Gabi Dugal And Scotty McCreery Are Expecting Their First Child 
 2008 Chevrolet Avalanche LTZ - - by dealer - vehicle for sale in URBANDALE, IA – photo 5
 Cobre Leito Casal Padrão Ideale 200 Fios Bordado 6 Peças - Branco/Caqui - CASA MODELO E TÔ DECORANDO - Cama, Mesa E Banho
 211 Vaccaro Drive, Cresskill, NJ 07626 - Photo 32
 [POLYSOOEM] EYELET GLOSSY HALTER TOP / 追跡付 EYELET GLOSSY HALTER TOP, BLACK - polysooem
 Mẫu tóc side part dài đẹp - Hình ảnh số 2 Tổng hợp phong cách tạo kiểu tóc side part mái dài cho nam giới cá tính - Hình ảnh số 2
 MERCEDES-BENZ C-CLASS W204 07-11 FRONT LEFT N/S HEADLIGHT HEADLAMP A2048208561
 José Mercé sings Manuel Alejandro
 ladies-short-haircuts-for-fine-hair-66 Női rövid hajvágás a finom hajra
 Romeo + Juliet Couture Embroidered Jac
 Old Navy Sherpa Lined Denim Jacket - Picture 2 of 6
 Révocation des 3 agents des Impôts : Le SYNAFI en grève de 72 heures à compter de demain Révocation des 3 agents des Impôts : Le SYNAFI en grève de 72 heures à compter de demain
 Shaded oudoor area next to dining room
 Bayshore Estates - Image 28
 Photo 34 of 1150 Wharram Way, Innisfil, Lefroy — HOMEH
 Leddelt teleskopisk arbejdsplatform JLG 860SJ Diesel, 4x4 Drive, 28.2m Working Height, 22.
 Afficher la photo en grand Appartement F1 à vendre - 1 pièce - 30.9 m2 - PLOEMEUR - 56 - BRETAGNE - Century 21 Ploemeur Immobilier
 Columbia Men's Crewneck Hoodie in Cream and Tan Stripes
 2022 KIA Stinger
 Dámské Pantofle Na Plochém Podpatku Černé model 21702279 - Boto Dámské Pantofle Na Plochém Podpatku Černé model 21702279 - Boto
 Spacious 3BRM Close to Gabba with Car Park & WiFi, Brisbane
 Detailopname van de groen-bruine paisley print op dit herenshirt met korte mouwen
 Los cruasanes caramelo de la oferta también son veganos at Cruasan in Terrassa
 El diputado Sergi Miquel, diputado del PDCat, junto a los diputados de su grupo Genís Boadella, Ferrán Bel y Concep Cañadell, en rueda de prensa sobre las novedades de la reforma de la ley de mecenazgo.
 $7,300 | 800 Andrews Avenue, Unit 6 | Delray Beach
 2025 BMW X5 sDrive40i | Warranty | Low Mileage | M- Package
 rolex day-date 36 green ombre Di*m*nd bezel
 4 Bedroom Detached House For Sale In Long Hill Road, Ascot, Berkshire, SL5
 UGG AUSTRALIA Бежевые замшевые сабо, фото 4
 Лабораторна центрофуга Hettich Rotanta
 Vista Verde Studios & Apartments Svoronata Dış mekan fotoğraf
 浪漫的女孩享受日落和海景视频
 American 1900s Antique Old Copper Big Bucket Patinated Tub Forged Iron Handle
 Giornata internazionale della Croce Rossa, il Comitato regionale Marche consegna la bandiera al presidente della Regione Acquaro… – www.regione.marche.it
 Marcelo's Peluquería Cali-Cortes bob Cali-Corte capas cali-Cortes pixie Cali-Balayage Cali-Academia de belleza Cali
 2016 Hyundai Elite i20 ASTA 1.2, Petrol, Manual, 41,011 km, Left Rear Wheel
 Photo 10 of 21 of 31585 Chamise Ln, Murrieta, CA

***

Try it
In the data above, start at the line that has "American 1900s Antique", stop after the line that has "Marcelo's Peluquería Cali-Cortes", and print every line in between exactly as it stands.

Your response
 American 1900s Antique Old Copper Big Bucket Patinated Tub Forged Iron Handle
 Giornata internazionale della Croce Rossa, il Comitato regionale Marche consegna la bandiera al presidente della Regione Acquaro… – www.regione.marche.it
 Marcelo's Peluquería Cali-Cortes bob Cali-Corte capas cali-Cortes pixie Cali-Balayage Cali-Academia de belleza Cali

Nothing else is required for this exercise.